§ **Assignment**
An exact reproduction of all the data is needed, with no images in it.

[Image-caption web data]
○ ○ ○ ○ ○
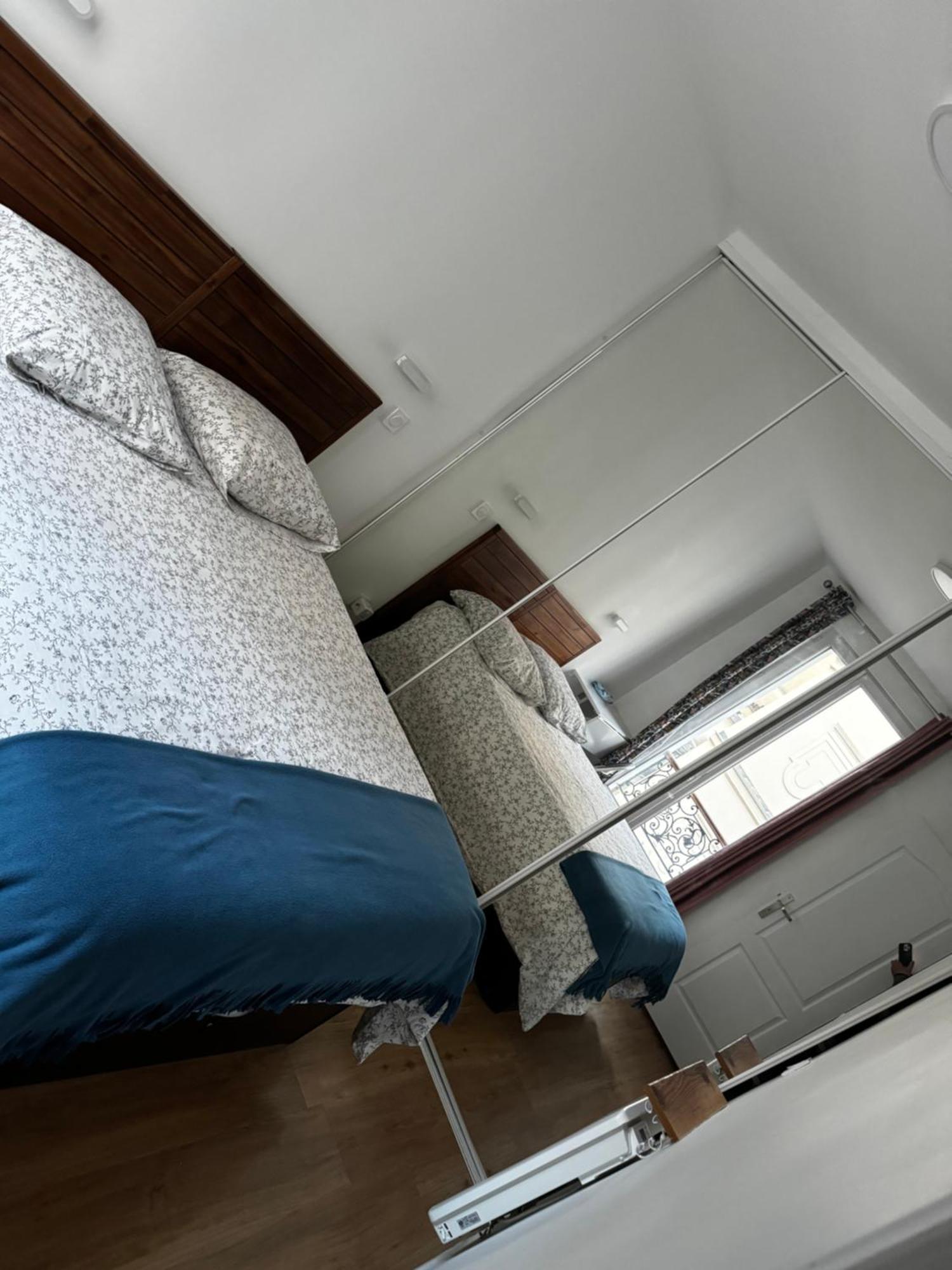 Montmartre Cosy Apartment Paris Luaran gambar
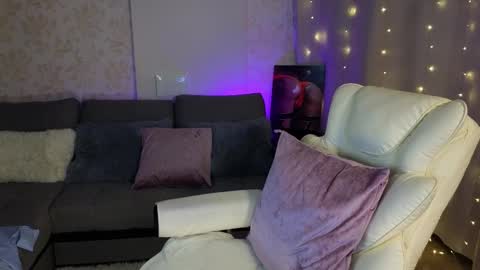 Lilu online show from 02-22-25, 09:37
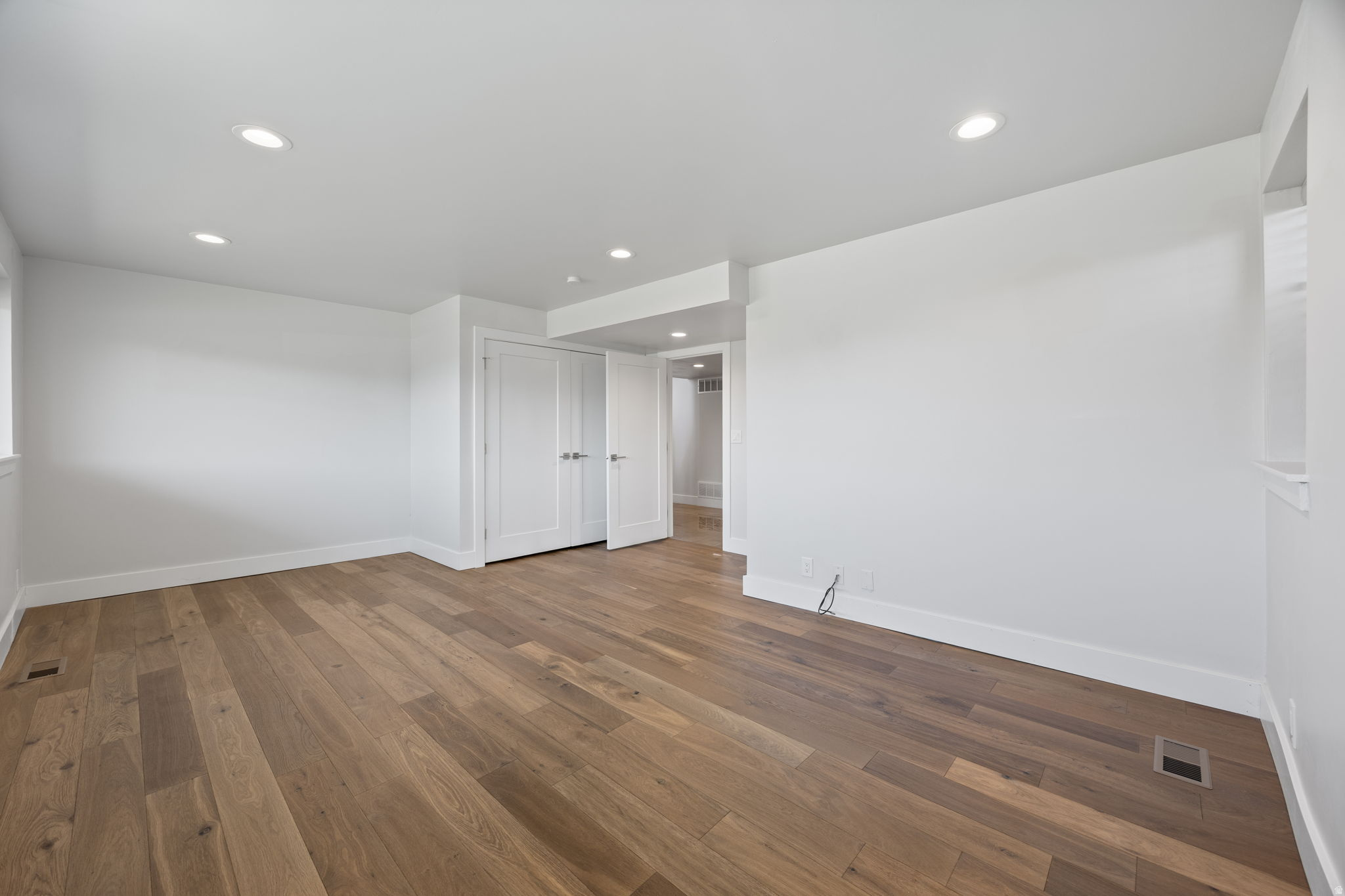 ENSIGN DOWNS - Residential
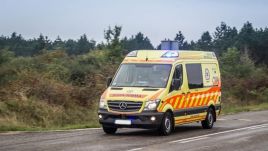 Négyen meghaltak egy vonat és személygépkocsi ütközésében Tapolcánál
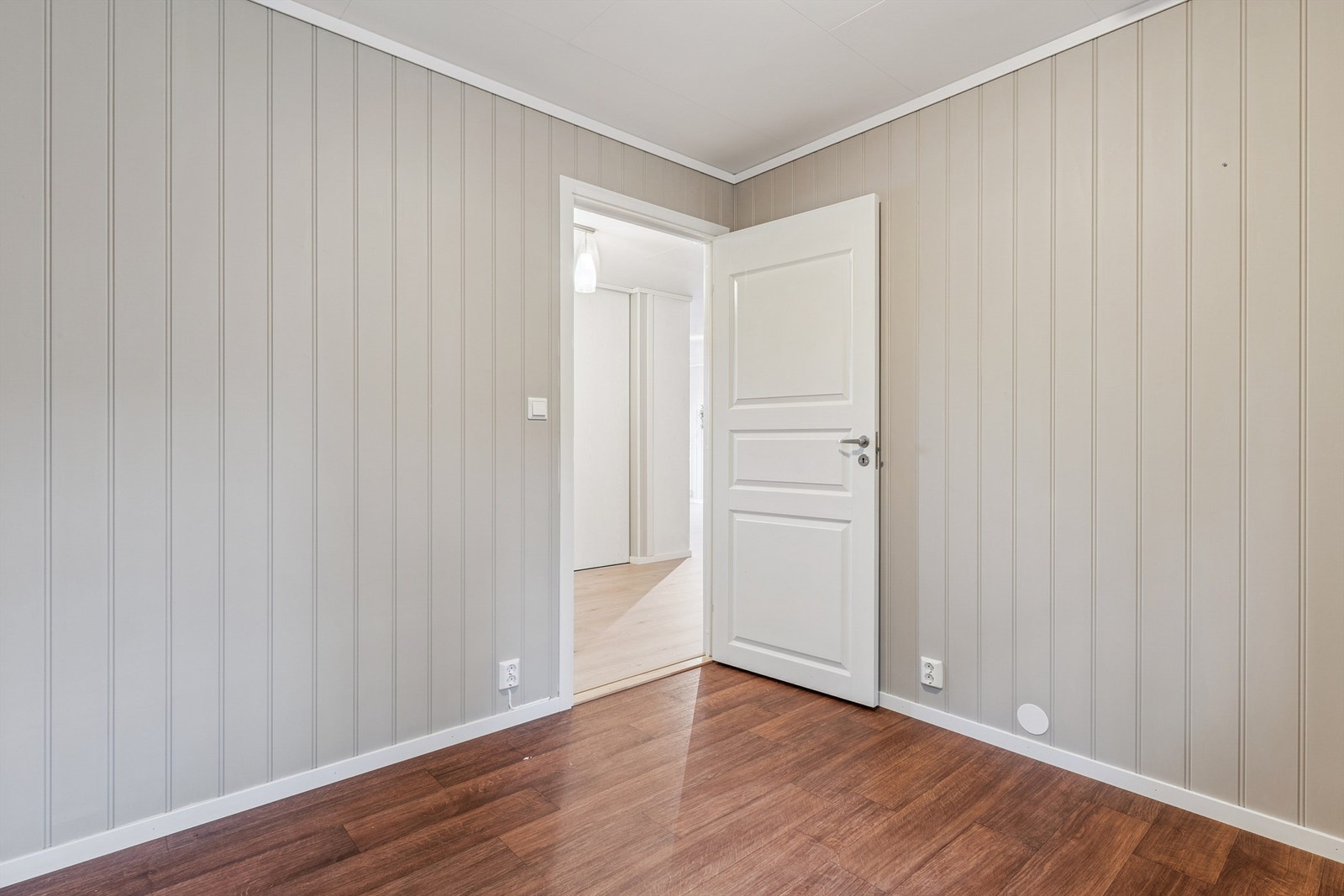 Soverommene er praktisk plassert adskilt fra de sosiale sonene i boligen. Galleribilde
○ ○ ○ ○ ○
§ **Your response**
 Montmartre Cosy Apartment Paris Luaran gambar
 Lilu online show from 02-22-25, 09:37
 ENSIGN DOWNS - Residential
 Négyen meghaltak egy vonat és személygépkocsi ütközésében Tapolcánál
 Soverommene er praktisk plassert adskilt fra de sosiale sonene i boligen. Galleribilde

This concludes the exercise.